In terms of living in Scarborough, the reference by colchar that Scarborough is "not a good neighbourhood" is quite the over generalization. There are lovely, safe neighbourhoods in Scarborough, and other areas that are more sketchy. This holds true throughout the Greater Toronto Area (GTA). In general, housing costs are a bit lower in Scarborough than they are closer to city centre.

I think one of the biggest barriers to newcomers to the GTA is the cost of housing. In very general terms, the farther you go out from downtown Toronto, the lower the housing costs. I have friends who have moved to Oshawa and Pickering (east of Toronto) due to housing costs, and commute in to Toronto for work. I fortunately own a house in a close-to-downtown neighbourhood, but have seen the cost of both buying and renting in our neighbourhood sky rocket in recent years. It's crazy. 
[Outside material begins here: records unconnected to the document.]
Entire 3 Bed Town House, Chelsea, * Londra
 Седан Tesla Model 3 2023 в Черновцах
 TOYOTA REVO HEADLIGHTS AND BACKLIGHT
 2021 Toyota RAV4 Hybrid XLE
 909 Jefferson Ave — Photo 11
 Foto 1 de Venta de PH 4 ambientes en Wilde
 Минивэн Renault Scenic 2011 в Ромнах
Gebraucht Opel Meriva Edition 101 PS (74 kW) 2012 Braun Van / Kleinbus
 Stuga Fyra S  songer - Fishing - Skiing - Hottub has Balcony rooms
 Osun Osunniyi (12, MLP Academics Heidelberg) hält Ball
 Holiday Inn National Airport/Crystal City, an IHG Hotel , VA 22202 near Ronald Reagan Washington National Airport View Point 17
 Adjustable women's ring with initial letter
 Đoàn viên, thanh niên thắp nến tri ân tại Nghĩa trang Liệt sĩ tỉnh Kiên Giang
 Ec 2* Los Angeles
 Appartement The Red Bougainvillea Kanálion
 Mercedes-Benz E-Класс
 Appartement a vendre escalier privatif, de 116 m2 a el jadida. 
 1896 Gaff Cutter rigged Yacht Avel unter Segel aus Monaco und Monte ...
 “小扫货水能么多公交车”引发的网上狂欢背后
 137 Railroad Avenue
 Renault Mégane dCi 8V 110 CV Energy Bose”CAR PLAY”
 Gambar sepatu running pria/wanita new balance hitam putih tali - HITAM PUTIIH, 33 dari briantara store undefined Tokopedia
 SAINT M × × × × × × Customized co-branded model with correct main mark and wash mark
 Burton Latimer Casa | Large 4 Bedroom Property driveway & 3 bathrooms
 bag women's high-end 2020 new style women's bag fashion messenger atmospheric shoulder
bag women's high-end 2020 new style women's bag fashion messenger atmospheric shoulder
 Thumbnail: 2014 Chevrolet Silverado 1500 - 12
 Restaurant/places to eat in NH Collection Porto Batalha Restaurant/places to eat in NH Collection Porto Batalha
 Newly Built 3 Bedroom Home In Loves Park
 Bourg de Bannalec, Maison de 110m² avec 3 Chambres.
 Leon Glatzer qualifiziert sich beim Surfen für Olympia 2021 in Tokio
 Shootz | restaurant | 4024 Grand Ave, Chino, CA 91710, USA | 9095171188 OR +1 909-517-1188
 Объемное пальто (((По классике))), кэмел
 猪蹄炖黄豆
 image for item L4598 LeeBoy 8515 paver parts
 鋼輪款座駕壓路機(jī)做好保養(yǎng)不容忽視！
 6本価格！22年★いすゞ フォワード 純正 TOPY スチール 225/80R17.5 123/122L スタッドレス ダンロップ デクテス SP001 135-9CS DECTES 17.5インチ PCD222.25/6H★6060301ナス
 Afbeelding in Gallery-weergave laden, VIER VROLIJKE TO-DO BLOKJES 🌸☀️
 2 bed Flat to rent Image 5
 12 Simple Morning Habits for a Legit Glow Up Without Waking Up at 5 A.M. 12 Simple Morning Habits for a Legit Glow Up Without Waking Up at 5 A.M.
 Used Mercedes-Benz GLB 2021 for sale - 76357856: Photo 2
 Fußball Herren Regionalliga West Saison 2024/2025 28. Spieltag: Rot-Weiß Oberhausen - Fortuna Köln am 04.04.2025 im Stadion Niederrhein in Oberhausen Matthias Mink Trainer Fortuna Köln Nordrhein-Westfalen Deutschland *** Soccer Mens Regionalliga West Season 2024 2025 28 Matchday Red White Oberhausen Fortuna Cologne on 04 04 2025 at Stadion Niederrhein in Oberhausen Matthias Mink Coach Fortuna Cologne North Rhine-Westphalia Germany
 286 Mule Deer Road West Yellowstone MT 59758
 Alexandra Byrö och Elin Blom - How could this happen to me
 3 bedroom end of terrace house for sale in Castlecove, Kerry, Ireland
But a lot of the suburbs and more outlying cities (e.g. Markham, Brampton, Mississauga, Aurora, Newmarket, Ajax and as I mention above, Oshawa and Pickering) are very liveable areas, a bit more affordable, and increasingly newcomers are settling in these areas. I like being in the heart of the city, but I think you will find these other areas have very nice, safe neighbourhoods in which to raise your child. The GTA is made up of immigrants, which is one if the best things about our city, in my opinion. Wherever you settle in the GTA you will not feel like you stick out as a newcomer. There are also many community agencies whose mandate is to help newcomers with the settlement process, so I would also advise you seek out one of these organizations when you arrive, as they can give you lots of tips and orientation. The services provided are for the most part free.


----------